I went with commercial peanut butter. They have it down to a science and you can feel comfortable it is safe. 
With any stored food, keep it as cool as possible. Even if it means putting it under the house.


----------



## Paquebot (May 10, 2002)

The old instructions used to be to pack tightly to within 1 inch of the top and BWB for 60 minutes. However, that advice was pulled about 30 years ago. 

Martin


----------



## praieri winds (Apr 16, 2010)

any nut butter is going to get rancid over time because of the oils if you can be better to buy dry roasted nuts and make your own as needed peanut butter dosen't last in an open jar around here to go bad so don't know ow long it will keep


----------



## Guest (Dec 14, 2010)

Paquebot said:


> The old instructions used to be to pack tightly to within 1 inch of the top and BWB for 60 minutes. However, that advice was pulled about 30 years ago.
> 
> Martin


 Just what the instructions say. Pack it tight then get the entire thing uniformly hot. Better still would be to vacuum seal the jar after you've taken it out of the BWB, but you can get by without it as the natural vacuum produced by the cooling food within will get the job done.

If the nuts were properly roasted to begin with there is no appreciable water content so what you need to be concerned with it killing mold spores and getting as much of the air out of the jar as possible.

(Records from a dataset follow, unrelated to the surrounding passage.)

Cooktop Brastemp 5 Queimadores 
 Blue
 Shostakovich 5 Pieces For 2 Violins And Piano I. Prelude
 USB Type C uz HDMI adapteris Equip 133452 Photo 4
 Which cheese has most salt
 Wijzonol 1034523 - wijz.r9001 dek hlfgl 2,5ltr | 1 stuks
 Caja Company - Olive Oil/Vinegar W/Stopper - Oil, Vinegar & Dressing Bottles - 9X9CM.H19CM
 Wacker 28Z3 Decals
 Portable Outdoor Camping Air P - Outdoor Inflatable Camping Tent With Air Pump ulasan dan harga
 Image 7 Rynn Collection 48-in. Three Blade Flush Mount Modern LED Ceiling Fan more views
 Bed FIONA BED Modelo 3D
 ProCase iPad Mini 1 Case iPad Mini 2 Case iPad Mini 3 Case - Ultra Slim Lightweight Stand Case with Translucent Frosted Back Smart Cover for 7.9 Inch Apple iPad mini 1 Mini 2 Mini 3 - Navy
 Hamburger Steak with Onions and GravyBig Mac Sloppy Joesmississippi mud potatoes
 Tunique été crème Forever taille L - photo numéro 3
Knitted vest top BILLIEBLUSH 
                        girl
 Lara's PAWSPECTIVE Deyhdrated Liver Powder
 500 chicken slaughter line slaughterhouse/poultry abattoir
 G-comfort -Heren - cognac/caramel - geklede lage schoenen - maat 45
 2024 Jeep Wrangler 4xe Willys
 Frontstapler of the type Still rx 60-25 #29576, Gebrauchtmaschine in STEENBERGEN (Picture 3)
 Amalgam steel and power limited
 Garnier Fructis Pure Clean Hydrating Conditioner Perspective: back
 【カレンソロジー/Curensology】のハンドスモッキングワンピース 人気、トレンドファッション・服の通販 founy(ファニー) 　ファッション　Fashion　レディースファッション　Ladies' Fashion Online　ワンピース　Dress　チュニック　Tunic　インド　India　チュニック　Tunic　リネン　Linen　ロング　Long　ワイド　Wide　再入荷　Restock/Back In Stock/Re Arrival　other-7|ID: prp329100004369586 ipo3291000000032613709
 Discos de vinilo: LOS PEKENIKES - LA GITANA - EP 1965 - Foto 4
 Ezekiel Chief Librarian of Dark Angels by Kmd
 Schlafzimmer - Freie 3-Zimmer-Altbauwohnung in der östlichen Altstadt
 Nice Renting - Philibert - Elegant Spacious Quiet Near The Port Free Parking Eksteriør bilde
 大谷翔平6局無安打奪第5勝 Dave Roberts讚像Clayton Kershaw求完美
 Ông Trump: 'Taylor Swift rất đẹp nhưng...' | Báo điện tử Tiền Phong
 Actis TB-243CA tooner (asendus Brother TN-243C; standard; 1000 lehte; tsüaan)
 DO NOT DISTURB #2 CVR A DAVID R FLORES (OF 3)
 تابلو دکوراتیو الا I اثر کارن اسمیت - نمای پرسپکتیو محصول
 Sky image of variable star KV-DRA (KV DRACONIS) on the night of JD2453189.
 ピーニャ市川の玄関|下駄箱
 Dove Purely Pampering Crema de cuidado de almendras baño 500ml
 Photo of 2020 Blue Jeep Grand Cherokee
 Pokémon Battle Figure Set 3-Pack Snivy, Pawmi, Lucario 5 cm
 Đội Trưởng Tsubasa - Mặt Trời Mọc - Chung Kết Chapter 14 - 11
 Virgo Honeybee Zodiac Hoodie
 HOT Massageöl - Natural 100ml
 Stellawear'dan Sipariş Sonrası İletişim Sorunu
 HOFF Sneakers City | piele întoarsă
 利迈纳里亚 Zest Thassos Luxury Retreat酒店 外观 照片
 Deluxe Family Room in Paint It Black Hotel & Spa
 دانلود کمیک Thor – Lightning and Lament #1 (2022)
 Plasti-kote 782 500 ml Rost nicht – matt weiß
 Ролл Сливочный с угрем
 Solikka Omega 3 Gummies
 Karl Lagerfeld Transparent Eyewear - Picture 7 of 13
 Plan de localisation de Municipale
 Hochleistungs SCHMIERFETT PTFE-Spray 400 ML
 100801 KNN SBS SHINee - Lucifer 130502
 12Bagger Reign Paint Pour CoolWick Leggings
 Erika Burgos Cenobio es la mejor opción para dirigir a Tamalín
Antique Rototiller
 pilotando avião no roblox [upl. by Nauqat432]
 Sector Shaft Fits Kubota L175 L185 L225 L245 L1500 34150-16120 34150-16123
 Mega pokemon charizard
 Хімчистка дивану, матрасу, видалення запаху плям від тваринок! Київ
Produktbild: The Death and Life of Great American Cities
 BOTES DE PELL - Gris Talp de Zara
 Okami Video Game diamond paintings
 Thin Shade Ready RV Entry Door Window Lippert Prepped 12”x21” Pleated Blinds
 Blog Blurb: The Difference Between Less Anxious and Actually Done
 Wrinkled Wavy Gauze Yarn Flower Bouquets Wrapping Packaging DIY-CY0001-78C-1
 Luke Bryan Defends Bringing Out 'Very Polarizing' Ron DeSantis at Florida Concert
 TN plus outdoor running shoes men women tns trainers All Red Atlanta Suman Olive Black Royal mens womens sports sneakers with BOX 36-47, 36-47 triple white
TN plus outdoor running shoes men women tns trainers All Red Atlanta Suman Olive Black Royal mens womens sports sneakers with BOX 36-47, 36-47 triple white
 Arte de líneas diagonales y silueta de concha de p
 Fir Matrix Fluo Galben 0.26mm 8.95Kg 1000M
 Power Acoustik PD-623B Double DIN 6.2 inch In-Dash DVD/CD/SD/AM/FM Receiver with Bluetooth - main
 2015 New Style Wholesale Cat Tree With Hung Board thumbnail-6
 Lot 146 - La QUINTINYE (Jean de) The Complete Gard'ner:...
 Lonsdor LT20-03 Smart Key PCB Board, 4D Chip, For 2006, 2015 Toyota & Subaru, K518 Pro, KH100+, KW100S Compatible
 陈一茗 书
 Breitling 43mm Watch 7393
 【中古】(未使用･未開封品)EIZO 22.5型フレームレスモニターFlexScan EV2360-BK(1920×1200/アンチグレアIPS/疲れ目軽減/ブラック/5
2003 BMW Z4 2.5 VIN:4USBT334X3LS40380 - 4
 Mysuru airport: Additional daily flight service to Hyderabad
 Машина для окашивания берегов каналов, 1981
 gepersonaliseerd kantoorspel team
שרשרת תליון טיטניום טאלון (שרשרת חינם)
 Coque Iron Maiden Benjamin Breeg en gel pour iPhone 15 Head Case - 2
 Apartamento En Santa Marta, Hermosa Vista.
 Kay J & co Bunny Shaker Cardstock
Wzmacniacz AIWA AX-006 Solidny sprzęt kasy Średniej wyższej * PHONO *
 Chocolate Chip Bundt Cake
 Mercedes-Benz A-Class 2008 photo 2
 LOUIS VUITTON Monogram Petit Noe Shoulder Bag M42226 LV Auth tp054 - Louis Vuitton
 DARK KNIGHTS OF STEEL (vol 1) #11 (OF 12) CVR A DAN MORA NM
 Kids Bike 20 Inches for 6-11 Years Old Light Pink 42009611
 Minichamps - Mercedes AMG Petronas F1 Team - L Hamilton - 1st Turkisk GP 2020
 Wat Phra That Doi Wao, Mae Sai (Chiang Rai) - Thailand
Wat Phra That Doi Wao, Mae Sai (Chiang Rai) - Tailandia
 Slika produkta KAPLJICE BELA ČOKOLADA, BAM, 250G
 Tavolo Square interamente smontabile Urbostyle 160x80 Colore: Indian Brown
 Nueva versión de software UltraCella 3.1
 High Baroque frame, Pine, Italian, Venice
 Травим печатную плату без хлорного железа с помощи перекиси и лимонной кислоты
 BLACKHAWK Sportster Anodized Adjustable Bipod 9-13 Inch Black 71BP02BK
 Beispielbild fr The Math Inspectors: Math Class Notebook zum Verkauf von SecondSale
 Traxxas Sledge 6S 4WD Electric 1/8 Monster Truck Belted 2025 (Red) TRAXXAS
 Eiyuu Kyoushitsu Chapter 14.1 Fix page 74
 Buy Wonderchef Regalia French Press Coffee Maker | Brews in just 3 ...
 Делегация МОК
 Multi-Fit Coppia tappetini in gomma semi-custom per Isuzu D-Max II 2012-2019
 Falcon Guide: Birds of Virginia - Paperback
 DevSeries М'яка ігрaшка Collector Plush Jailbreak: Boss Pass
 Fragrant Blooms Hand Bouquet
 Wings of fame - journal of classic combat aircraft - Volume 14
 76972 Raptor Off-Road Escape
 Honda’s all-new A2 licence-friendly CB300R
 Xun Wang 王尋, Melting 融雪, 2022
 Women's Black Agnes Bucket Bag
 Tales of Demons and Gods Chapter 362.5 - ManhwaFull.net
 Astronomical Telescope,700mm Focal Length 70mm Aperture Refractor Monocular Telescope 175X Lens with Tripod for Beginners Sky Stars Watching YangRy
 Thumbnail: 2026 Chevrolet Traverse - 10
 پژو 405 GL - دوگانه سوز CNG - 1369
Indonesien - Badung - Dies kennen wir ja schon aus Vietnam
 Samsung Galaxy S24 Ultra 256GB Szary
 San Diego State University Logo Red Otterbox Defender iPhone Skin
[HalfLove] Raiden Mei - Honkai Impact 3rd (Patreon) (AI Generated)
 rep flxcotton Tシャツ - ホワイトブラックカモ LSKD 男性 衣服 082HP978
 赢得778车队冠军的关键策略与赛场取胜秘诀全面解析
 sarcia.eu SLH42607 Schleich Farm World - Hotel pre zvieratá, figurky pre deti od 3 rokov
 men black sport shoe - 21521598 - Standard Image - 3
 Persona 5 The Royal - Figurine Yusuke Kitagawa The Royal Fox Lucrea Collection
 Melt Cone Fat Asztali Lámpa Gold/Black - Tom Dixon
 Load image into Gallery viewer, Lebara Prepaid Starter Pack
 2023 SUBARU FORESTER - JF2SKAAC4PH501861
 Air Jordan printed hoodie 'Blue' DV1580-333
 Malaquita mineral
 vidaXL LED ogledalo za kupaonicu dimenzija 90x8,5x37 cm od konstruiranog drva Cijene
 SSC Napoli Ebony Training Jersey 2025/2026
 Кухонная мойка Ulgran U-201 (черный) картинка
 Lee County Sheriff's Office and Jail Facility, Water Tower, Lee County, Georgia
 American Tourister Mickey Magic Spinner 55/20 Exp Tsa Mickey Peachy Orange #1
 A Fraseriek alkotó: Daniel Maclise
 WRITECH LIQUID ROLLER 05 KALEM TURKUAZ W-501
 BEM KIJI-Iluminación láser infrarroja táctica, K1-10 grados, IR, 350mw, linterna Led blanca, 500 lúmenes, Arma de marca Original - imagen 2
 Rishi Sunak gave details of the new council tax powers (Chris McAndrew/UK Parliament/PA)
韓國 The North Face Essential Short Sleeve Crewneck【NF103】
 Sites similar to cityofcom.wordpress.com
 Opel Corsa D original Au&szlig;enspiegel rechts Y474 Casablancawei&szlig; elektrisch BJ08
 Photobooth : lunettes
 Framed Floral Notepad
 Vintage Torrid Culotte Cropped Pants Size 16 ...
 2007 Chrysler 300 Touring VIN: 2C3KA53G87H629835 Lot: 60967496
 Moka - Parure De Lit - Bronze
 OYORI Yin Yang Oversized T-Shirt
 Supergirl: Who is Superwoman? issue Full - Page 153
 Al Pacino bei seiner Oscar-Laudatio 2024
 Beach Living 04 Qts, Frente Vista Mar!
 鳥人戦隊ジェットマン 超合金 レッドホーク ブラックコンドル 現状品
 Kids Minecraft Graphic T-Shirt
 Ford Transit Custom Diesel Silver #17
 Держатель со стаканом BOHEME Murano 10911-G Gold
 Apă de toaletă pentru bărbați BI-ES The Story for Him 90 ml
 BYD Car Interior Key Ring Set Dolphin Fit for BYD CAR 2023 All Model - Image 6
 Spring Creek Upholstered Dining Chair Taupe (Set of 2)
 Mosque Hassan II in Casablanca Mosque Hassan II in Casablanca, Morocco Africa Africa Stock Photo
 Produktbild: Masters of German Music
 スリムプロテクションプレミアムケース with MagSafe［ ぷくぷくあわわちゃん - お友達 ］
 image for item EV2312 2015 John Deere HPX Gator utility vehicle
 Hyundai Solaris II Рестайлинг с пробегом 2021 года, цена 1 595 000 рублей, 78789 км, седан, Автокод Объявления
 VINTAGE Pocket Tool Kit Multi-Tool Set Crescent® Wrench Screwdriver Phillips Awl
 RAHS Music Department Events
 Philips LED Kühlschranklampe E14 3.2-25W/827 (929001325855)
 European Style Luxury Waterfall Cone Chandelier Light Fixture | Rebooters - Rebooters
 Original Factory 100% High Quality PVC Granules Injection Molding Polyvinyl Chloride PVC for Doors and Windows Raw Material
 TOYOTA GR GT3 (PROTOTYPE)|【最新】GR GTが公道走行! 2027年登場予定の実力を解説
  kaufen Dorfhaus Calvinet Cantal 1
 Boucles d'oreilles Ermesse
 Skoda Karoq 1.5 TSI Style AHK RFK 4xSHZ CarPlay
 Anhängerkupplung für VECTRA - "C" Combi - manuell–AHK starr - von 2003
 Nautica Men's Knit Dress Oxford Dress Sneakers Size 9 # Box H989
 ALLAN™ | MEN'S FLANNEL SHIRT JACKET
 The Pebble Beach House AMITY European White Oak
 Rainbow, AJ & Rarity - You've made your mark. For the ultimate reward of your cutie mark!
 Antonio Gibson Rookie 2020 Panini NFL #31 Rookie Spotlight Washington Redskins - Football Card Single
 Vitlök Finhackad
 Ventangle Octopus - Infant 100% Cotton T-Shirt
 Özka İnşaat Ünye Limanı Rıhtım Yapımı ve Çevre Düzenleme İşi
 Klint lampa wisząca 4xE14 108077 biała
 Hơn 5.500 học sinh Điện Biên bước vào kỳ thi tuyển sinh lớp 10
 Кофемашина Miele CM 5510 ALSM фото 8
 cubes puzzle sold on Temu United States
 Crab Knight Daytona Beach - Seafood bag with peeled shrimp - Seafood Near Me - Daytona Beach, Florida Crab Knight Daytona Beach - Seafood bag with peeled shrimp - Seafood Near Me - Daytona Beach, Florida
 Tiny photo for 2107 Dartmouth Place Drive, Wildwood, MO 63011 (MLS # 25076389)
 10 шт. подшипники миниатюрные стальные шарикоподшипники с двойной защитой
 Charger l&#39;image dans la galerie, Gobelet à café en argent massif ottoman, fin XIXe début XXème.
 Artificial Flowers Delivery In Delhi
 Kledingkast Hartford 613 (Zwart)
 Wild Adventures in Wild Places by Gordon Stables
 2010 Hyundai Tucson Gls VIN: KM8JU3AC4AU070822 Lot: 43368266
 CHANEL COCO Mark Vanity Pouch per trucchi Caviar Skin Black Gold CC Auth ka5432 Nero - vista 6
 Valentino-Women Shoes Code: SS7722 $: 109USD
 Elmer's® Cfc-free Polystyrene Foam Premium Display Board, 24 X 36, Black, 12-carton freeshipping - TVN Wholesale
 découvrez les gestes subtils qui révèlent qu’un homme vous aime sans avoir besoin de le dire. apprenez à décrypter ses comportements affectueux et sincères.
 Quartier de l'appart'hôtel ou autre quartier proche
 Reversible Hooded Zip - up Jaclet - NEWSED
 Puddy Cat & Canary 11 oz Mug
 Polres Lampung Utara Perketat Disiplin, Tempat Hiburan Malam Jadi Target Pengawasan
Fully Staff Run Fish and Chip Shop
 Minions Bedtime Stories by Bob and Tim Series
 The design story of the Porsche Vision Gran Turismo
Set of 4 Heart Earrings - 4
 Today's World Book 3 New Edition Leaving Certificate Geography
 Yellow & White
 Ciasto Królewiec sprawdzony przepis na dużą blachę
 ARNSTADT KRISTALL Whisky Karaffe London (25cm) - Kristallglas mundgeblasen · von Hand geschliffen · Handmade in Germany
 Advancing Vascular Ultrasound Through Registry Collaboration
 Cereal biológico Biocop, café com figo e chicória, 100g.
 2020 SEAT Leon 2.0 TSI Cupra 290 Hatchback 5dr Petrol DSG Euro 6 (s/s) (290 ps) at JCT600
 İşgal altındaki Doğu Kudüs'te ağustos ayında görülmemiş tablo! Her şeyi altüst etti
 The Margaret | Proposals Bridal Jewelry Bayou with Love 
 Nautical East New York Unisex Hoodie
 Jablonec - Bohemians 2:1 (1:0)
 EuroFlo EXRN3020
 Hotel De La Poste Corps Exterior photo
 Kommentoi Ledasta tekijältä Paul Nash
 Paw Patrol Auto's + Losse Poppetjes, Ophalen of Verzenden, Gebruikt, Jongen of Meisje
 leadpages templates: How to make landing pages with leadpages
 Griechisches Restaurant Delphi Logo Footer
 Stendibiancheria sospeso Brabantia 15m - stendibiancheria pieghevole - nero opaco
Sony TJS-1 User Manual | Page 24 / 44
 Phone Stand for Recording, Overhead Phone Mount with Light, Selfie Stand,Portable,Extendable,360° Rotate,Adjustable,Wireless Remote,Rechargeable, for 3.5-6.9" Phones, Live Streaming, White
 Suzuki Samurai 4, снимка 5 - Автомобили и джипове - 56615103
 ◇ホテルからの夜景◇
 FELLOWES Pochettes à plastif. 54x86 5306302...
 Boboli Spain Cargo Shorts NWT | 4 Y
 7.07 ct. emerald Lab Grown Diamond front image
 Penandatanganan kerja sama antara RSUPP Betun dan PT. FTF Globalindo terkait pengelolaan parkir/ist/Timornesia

I buy Smuckers natural peanut butter precisely because it still comes in glass jars.


----------



## Ciffer (Sep 13, 2010)

How do you vacuum seal a canning jar?

What could I expect for shelf life on home canned nut butters?


----------



## Guest (Dec 16, 2010)

Canning jar adapter for most any consumer vacuum sealer model.


----------



## praieri winds (Apr 16, 2010)

they sell an attachment for the foodsaver vacuum sealer I have uses a tube and a cap on the jar flip the switch and the air is sucked out


----------



## Ciffer (Sep 13, 2010)

what about shelf life


----------